Hospital Financial Management Components and Ethics

Financial management

Profit-making, non-profit making, and governments need to account for their financial transitions for a period. Hospital financial management involves strategies put in place to ensure that financial operations in the hospital are conducted appropriately. Resources are scarce, thus they need to be managed effectively. When managing and reporting financial information, managers, accountants, and leaders should be guided by some code ethics; other than normal business ethics, there are some specific accounting ethics recognized by GAAP and IFRS (Baker & Baker, 2011). This paper discusses financial reporting practices and ethical standards in health care finance.

Elements of financial management

Financial management works under four general elements, they are:

  • Planning
    The first step taken by financial managers is developing a plan detailing the expectation of each department in the hospital. This is more skewed to financial expectations (expenses, capital, investments, and revenue). With a clear picture of the expectations, goals, and objectives are set. Strategies to see the fulfillment of the goals is also developed.
  • Controlling
    This is a continuous process where the manager through feedback from various departments monitors the progress toward the attainment of goals and objectives set in the planning stage. Current performances are calculated and any variance in the reports is interpolated. This stage offers a chance to change strategies if the current ones are not leading the department/organization to the attainment of set goals. Objectives and goals may also be adjusted.
  • Organizing and directing
    Resources in an organization are scarce; thus they need to be well allocated to various programs. For efficiency, financial managers prioritize the project to be undertaken at a particular time and how. This may involve a day-to-day allocation of available resources in different programs.
  • Decision-making
    Financial management information is used for decision-making. They assist management in making current and future decisions regarding the operations in a business. Information is crucial for decision-making since it offers several alternatives to choose from. The best alternative is considered (Baker & Baker, 2011).
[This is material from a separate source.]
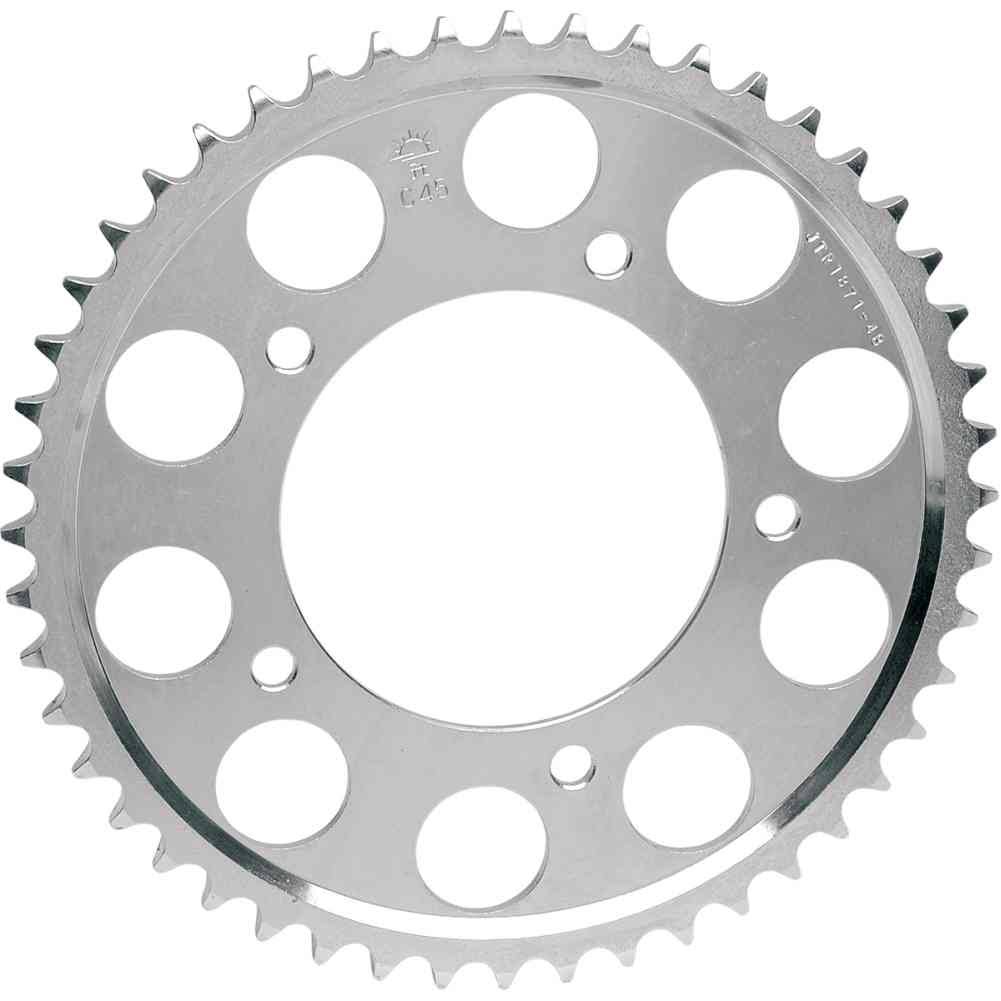 Rear Sprocket 48T G97766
Generally accepted accounting practices and general financial ethical standards

The accounting code of ethics can be classified into five elements, these elements are:

  • Competence
    Management accountants are expected to be competent in the discipline. They should be adequately trained to ensure that they understand the art of accounting. Different countries have accounting bodies that license management accountants. In case of a change in accounting principles, then it’s ethical for a management accountant to update him/herself with the changes.
  • Integrity and professionalism
    Management accountants should uphold integrity and professionalism in their duties. They should understand that the information they give is used by internal and external users for making decisions and thus it should not be misleading. The ability to stand on one’s ground when called to fraud or abuse their professionalism is also crucial.
  • Confidentiality
    Information is power. Financial managers should maintain a high level of confidentiality. They should know what information to disclose to the public and which one not to. When determining what to disclose and what not to, management accountants are expected to be guided by international accounting standards and reporting standards.
  • Credibility
    Financial managers should be accountable for all their actions. They should responsibly perform their duties. Personal ethics like honesty are also important. To be credible with what one does, a certain degree of independence is called for.
  • Resolution of Ethical Conflict and due Care
    Financial managers should be on the frontline to guide an organization to ethical principles and conduct. They should also understand that they have access to information that managers use for decision making thus they have a duty of care to them. Financial information is also used by external users like investors for making decisions; thus they should reflect the true position of the business (Cleverly & Cameron, 2007).

Examples of ethical behaviors in Baker & Baker’s book

Example 1

On page 7, the writer illustrates that financial accounts are important to outsiders. They go ahead and give the outsiders who use the hospital accounts as Medicare, Medicare, and government for various policy making.


The significance of the example is to show how important financial information is to the management of an economy. This calls for ethics in financial management. Integrity and truthfulness of the accounts will be required.

Example 2

On page 13, the writer gives an example of some of the information required in a hospital; patients’ data. They say that when data is well captured, it assists the hospital to have a smooth follow.


This example shows the need for good financial management in the hospital. It portrays how important financial management is important in a hospital. The example supports the ethic of competence in financial management as well as compliance with the set organizational code of conduct (Baker & Baker, 2011).


Financial management is important to hospitals. It provides relevant information for internal and external users for decision-making. Financial management has o duty of care and thus should perform their duties with integrity. They should follow the code of ethics required for the profession.


Baker, J. J., & Baker, R. W. (2011). Health Care Finance Basic tools for Nonfinancial Managers (3rd ed.). Sudbury, Ma: Jones and Bartlett Publishers.

Cleverly, W. O., & Cameron, A. E. (2007). Essentials of health care finance (6th ed.). Sudbury, MA: Jones and Bartlett.